Meanwhile, Professor Farnsworth – aided by arch-rival Professor Wernstrom and the super-powered head of Stephen Hawking – investigates the anomaly.  In a typical Futurama parody, scientific efforts are brushed aside by the brash American president (the delightfully cantankerous Nixon’s head) who launches an all out military assault on the parallel world.  “Hell of a thing to send a universe to certain doom… “, philosophises mission leader Zap Brannigan, “Fun though! Makes a man feel big!” Of course, incorrigible robot Bender also has a primary plot thread, as he plays with his fellow robots (including one of my favourites – the pompous soap-star, Calculon) searching for a mythical cult called “The League of Robots”. He’s in fairly good form in this film, irascible and amoral as ever.

That’s just the beginning really.
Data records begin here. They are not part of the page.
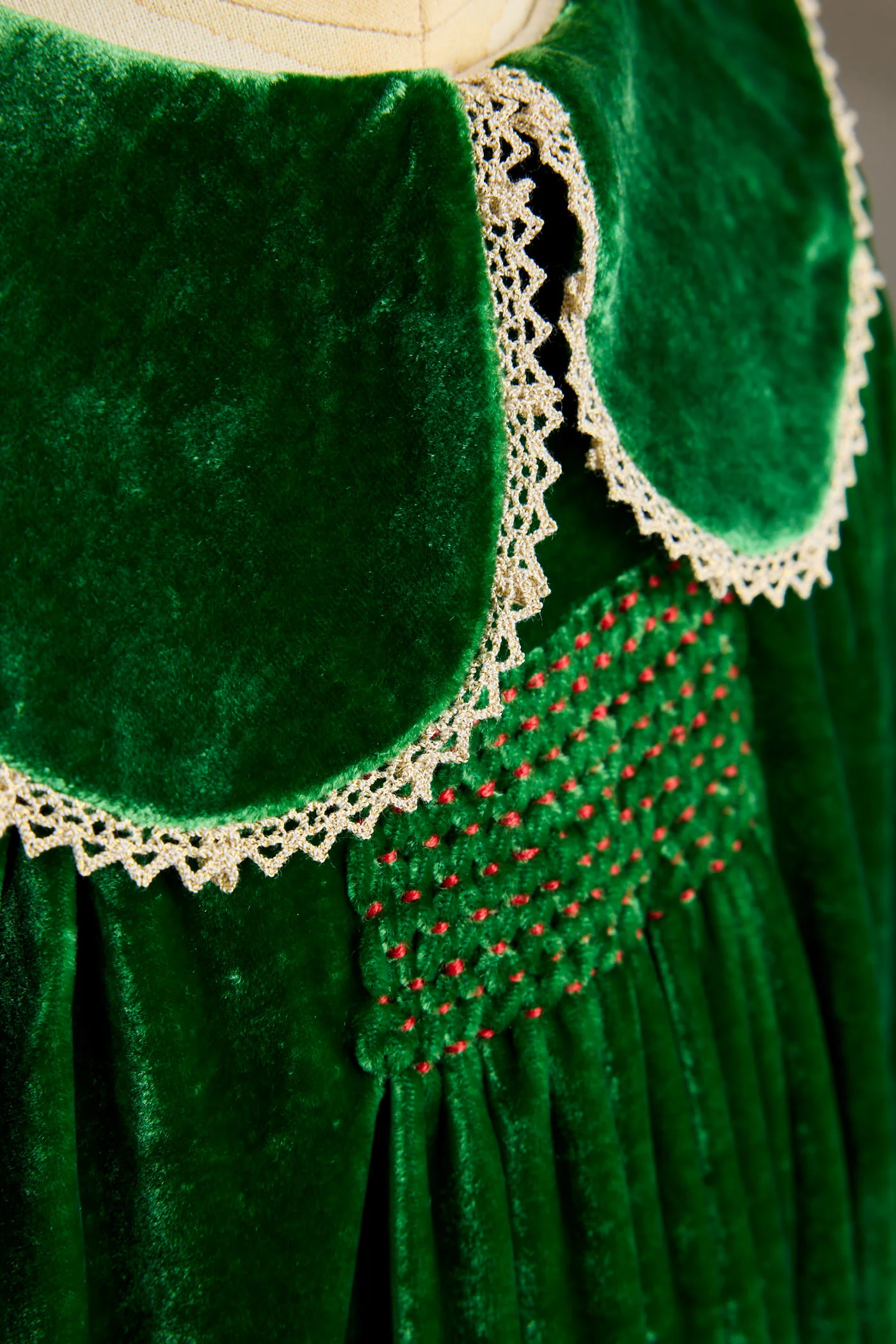 Popcorn Dress - Emerald Green Velvet - Image 6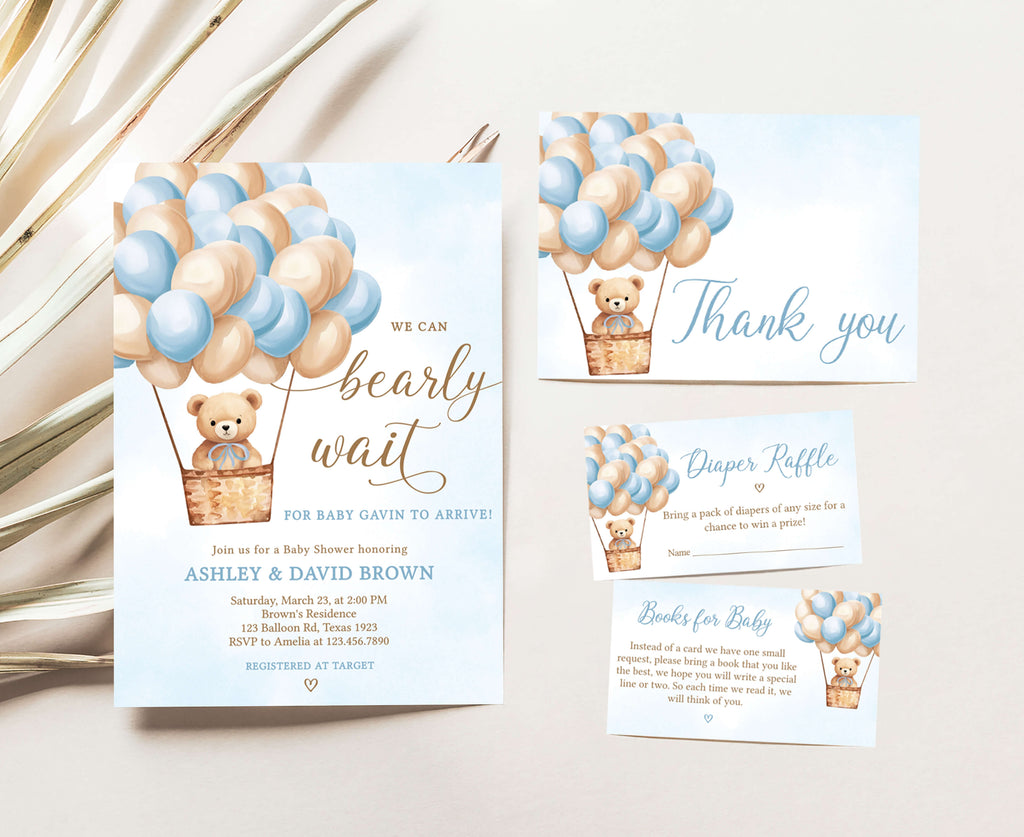 Boy Hot Air Balloon Bear Baby Shower Invitation Set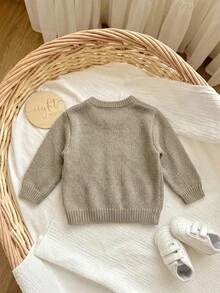 SHEIN Baby Girl Cartoon Pattern Single-Breasted Casual Daily Outing Autumn Winter Cardigan - Khaki - View 5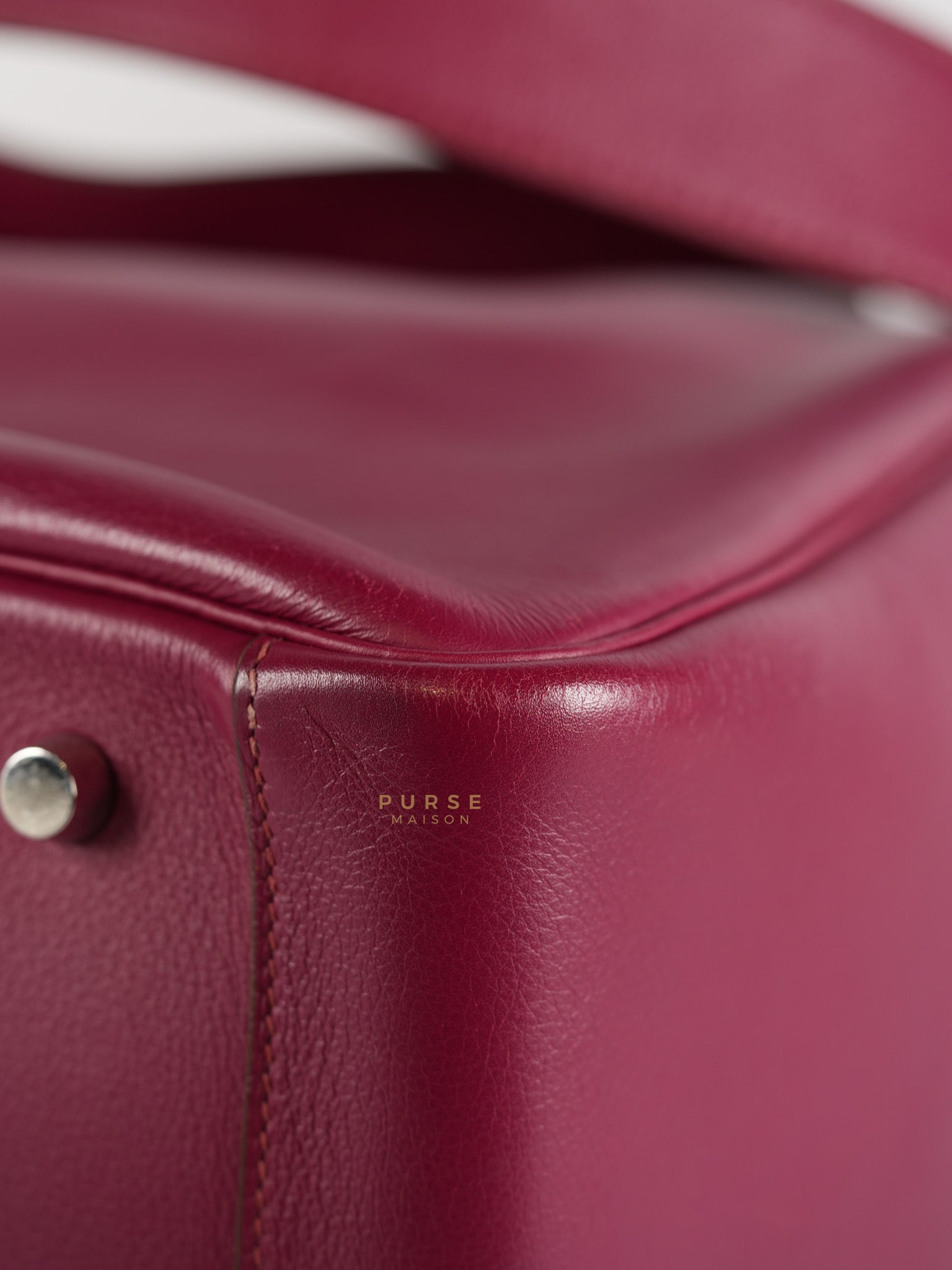 Lindy 34 in Vibrant Magenta Swift Leather & Palladium Hardware Stamp Square O (2011) | Purse Maison Luxury Bags Shop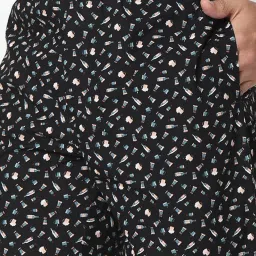 underjeans by spykar Underjeans Black Cotton Regular Fit Printed Pyjamas image 4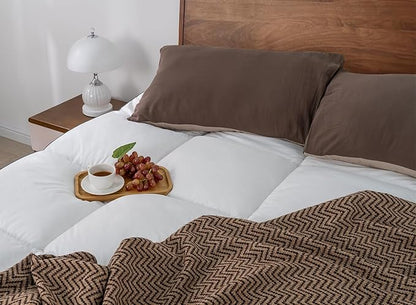QUEEN ROSE Mattress Topper King, Extra Soft Pillow Top King Mattress Topper, Cooling Thick Plush Bed Topper Snow Down Alternative, Baffle Box White, for Back Pain Relief
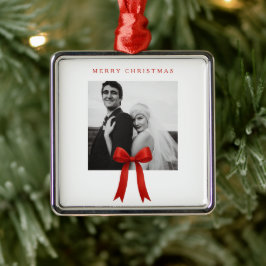 Schattigee rode boog foto vrolijk kerstfeest metalen ornament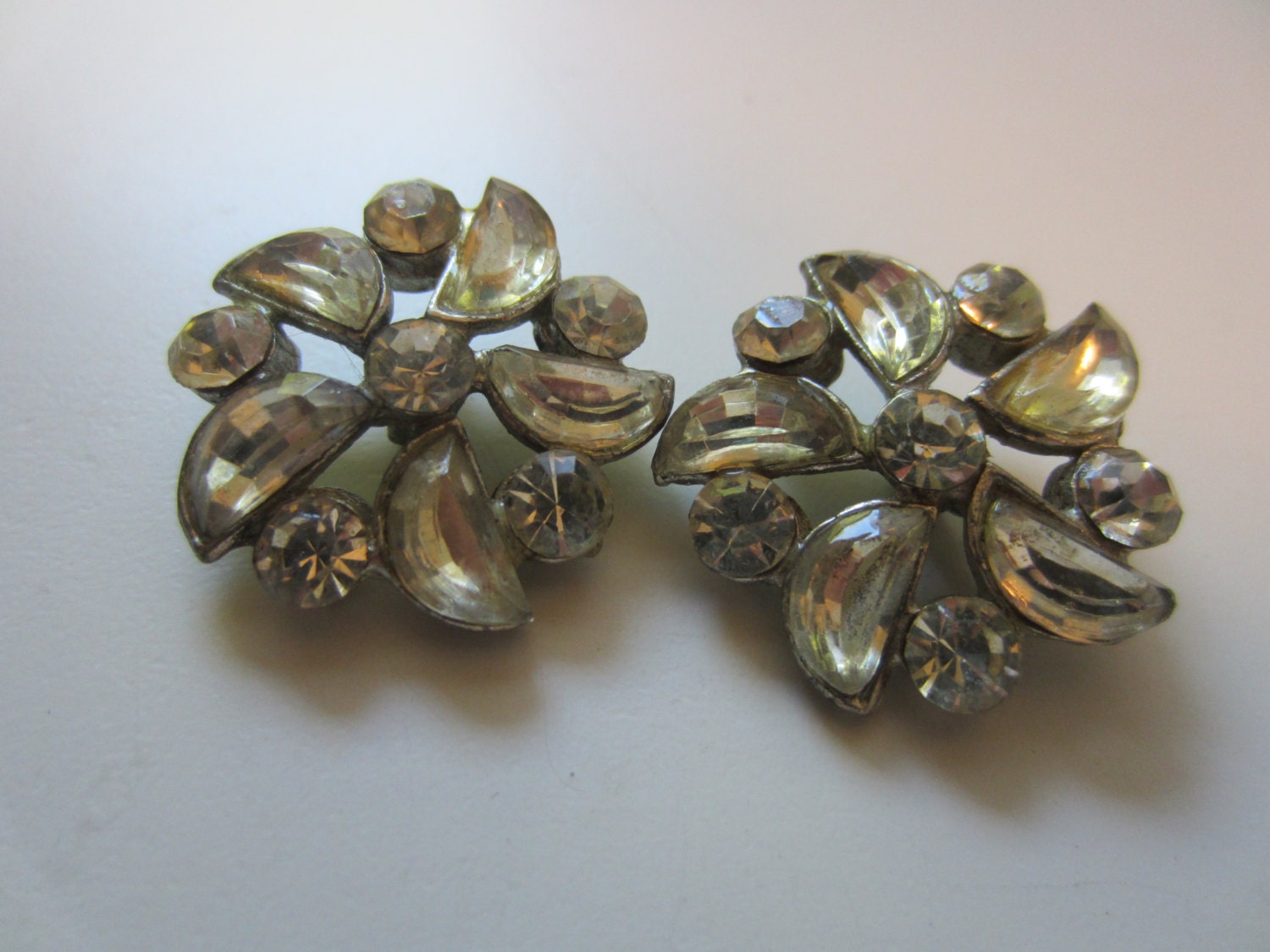 Vintage Buttons -  2 matching, very antique, unique flower design, rhinestone embellished, antique silver metal, (lot 5836)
Messing with the anomaly soon unleashes an almighty universe-altering adventure, featuring a tentacled Casanova, voiced by David Cross. I won’t go into detail, but it’s another one of those extravagant sci-fi ideas for which Futurama is well known. This one adds a little dash of philosophical weirdity too, which I quite enjoyed. Potentially it has a level of absurdity that might not gel with everyone. Me? I love the absurdity. It’s kind of a War of the Worlds meets Everybody Loves Raymond caper that allows the love/sex theme to take centre stage. As you’d expect, the background to the film is also bustling with neat, nerdish ideas and parodies of modern life.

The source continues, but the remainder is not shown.